A posição dos trabalhadores frente ao processo de privatização não foi positiva. A primeira mudança proporcionada foi a terceirização e a demissão em massa, seguida de uma parada nas manutenções não emergenciais dos instrumentos de trabalho, pondo em risco a saúde do operário. Um ex-trabalhador da empresa afirmou que “Na busca por melhores lucros, as empresas privadas trabalham no limite da segurança. Porém, na margem de erro, é a vida do trabalhador que está em risco (...)". Segundo esse trabalhador, o qual entrou como estagiário na empresa em 1990 e foi posteriormente contratado como técnico de manutenção na área de instrumentação, tal terceirização fez com que fosse obrigado a assumir o cargo antes exercido por três pessoas, sobrecarregando-o e incentivando-o a pedir demissão. De modo geral, o sucateamento da Vale – junto à falta de manutenção – engendrou em um maior número de acidentes sofridos pelos trabalhadores. A promessa de que a condição de trabalho dos operários não mudaria com a privatização não foi cumprida. É possível perceber também o descaso da empresa com seus trabalhadores na contemporaneidade, levando em consideração o fato de que o escritório da empresa e as moradias dos operários se localizavam imediatamente abaixo de uma barragem com alto potencial de dano.
Sendo assim, percebe-se que os reflexos da privatização da Vale foram diversos. Somados a desestatização, a má gestão empresarial e o descaso frente às questões trabalhistas tornaram a Vale uma empresa que carece de preocupação com o âmbito social e coloca a lógica econômica como norteadora de sua atuação. Os recentes desastres trouxeram de volta o debate sobre uma empresa que, ao mesmo tempo que carrega um acúmulo exorbitante de capital, carrega também um acúmulo de crimes ambientais e humanitários. Como deveria o Estado, então, se posicionar frente a uma empresa com tamanha contribuição financeira e que, no entanto, vem se mostrando pouco favorável no âmbito socioambiental? Será que é possível continuar se omitindo e deixando como está? Sendo a Vale a segunda maior empresa de mineração do planeta, há de pensar nas contradições que traz com as amarrações econômicas a que o Estado se prende, uma vez que a empresa tem contribuição intrínseca à economia, mas, junto disso, tem um descaso imenso com a redução de riscos. A pedra no meio do caminho, por conseguinte, seria imprescindível ou danosa ao desenvolvimento brasileiro?
Mais de 160 participantes de diversos países se reuniram em abril de 2010 no Rio de Janeiro para o Encontro Internacional dos Atingidos pela Vale. Eles elaboraram uma Carta Internacional na qual denunciaram as ações da mineradora no mundo inteiro.

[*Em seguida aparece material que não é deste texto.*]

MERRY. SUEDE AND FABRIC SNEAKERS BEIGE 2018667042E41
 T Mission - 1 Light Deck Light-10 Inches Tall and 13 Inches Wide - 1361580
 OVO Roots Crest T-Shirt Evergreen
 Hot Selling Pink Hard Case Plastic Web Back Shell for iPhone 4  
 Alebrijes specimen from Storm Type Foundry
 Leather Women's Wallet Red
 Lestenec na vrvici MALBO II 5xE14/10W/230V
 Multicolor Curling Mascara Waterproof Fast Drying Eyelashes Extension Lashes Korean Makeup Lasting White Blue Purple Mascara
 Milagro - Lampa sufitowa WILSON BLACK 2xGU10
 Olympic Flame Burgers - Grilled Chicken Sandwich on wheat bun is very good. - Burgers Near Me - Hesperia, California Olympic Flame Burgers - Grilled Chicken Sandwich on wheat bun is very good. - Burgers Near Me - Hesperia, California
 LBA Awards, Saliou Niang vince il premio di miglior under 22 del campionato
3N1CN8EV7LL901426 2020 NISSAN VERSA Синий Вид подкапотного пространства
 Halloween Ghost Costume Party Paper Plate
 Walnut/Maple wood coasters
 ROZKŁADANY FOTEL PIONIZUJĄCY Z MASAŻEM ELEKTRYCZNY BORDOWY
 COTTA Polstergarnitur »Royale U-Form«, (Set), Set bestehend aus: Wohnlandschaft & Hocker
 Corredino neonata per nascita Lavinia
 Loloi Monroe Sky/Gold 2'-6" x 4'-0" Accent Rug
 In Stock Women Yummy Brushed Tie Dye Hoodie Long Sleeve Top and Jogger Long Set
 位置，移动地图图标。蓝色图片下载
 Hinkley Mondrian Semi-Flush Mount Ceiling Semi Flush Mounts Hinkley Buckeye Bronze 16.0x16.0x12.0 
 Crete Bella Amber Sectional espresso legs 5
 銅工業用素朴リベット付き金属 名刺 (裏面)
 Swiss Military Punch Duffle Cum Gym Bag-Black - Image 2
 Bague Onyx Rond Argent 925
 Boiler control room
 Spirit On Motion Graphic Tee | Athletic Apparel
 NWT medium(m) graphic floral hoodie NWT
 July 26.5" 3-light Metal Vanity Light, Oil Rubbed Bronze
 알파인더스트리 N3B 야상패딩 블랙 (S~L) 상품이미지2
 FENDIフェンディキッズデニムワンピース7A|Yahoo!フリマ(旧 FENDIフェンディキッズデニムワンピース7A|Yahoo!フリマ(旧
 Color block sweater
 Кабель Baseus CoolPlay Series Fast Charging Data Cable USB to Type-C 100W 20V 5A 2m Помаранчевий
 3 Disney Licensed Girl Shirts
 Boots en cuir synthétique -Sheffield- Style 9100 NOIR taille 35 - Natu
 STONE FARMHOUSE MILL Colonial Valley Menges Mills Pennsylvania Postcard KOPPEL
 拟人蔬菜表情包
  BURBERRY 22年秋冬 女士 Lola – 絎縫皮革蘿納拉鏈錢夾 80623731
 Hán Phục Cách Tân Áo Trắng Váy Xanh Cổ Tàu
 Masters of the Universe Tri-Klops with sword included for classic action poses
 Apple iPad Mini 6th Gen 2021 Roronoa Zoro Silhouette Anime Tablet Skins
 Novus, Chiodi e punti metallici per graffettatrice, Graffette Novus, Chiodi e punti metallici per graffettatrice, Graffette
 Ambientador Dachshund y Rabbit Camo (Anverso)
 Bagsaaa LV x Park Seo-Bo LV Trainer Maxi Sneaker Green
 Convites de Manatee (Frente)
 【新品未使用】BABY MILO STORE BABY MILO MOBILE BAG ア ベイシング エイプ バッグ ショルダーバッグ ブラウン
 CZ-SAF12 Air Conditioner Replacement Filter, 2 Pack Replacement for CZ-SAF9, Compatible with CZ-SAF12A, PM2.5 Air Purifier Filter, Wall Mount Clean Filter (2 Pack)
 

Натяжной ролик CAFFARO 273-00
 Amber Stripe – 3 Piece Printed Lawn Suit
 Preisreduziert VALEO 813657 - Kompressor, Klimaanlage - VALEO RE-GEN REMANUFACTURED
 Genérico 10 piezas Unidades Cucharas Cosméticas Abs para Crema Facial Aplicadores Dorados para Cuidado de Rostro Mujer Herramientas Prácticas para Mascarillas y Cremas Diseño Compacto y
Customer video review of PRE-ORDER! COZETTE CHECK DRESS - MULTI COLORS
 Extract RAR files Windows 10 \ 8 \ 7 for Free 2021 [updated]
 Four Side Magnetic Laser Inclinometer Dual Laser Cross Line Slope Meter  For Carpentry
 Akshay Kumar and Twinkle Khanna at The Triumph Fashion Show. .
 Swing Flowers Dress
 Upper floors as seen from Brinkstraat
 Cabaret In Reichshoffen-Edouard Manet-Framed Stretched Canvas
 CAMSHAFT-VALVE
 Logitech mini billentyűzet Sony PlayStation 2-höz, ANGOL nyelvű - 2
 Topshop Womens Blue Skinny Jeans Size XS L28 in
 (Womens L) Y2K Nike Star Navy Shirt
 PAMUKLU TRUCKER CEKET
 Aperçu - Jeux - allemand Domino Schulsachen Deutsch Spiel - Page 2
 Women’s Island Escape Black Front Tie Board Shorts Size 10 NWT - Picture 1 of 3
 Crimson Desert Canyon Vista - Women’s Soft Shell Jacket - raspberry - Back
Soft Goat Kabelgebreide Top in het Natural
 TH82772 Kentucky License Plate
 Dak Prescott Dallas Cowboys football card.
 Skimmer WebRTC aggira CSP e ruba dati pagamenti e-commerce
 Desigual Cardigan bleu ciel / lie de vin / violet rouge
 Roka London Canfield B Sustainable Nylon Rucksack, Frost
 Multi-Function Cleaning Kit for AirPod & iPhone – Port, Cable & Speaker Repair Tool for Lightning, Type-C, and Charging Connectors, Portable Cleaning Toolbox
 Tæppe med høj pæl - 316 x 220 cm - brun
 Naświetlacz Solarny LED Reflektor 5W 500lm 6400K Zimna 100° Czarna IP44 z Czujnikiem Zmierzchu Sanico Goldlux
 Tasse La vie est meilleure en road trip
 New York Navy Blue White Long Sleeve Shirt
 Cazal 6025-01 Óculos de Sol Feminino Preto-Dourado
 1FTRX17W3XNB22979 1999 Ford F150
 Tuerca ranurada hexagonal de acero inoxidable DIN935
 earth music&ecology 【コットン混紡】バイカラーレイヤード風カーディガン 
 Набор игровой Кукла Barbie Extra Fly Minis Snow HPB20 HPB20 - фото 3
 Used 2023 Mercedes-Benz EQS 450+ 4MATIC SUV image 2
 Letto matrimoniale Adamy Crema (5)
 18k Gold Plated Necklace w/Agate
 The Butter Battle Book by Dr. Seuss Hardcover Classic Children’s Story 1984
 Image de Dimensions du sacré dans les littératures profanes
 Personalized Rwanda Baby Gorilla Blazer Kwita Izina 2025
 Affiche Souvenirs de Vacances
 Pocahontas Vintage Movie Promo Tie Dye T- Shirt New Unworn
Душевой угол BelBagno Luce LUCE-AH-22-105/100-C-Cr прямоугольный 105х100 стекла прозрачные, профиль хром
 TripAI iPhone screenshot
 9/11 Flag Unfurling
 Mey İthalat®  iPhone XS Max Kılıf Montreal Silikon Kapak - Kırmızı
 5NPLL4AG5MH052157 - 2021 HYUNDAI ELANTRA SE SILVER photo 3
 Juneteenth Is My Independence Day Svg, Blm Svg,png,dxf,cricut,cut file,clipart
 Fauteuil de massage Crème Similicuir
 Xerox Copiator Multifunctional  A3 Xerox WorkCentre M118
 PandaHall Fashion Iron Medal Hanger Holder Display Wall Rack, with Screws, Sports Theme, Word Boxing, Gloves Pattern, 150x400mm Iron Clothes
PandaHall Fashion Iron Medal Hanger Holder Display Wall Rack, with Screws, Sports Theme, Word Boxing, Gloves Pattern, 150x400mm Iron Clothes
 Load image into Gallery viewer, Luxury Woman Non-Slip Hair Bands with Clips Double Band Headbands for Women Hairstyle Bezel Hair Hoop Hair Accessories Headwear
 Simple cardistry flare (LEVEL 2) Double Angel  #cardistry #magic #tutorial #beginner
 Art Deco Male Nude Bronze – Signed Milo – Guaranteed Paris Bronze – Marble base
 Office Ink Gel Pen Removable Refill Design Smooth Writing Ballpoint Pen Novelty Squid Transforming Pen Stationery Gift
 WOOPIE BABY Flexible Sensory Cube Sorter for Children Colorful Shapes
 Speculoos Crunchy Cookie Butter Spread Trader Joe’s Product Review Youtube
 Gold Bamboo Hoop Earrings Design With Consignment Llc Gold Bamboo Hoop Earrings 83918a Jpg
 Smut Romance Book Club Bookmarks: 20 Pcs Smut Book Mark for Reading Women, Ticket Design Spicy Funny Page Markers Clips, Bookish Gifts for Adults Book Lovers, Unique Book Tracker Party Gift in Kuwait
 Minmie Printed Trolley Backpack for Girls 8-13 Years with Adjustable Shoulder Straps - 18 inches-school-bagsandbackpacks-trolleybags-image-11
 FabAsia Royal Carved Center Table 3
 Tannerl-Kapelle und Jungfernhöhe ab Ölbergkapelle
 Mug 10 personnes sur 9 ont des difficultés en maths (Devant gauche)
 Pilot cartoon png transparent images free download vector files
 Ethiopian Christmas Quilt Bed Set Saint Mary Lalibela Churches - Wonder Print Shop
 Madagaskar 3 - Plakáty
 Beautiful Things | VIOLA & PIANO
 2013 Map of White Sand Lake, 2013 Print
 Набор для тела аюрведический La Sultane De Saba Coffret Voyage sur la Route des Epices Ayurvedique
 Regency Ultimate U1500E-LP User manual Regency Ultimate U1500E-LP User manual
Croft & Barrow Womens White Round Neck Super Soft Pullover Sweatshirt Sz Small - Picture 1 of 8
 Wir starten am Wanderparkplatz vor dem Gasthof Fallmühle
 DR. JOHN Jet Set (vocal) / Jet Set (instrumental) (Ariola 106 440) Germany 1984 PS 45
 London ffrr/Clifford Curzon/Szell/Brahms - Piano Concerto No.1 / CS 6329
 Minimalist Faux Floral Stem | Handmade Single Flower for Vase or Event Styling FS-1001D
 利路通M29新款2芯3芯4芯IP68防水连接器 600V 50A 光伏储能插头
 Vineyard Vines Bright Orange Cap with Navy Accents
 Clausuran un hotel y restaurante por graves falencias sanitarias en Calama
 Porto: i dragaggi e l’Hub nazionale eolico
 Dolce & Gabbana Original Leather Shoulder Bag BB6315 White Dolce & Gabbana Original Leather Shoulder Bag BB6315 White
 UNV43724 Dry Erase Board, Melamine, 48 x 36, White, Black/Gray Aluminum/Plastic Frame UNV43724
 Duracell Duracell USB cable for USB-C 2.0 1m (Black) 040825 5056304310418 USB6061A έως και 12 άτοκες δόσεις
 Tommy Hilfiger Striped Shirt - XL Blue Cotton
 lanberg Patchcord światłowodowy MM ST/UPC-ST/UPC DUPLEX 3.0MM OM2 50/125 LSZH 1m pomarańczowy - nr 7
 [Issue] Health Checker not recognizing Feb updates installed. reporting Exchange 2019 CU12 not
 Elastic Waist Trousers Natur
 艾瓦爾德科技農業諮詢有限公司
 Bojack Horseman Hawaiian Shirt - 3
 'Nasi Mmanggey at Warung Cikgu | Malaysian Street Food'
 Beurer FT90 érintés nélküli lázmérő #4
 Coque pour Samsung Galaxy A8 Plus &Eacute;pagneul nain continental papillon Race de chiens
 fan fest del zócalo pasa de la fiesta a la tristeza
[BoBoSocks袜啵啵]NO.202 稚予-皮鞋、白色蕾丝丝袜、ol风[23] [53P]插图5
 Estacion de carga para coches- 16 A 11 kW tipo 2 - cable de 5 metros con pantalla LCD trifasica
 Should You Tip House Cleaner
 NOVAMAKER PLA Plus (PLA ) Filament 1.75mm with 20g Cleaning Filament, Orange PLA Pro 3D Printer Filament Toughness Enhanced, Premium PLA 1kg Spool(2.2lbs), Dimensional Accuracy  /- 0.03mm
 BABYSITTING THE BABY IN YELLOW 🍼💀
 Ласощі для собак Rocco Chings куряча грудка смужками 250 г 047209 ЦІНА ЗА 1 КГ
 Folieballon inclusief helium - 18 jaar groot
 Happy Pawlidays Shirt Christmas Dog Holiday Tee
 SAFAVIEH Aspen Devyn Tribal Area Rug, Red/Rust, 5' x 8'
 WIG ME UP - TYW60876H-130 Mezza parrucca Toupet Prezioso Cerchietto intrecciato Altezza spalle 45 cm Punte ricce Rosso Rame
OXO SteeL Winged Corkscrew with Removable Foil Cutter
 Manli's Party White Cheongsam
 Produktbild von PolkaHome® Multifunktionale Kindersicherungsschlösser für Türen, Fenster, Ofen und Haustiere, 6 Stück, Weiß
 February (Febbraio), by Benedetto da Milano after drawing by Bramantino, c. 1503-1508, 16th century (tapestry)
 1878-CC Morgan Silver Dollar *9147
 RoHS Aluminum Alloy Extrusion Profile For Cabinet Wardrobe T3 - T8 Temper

Após o rompimento da barragem de Brumadinho, o Movimento dos Atingidos por Barragens lança o documentário "Brumadinho: Quando o Lucro Vale Mais". Construído pelo movimento, o documentário traz os relatos de dor e denuncia dos atingidos pelo crime, e é dedicado a todas as famílias atingidas de Brumadinho, Minas Gerais e de todo Brasil.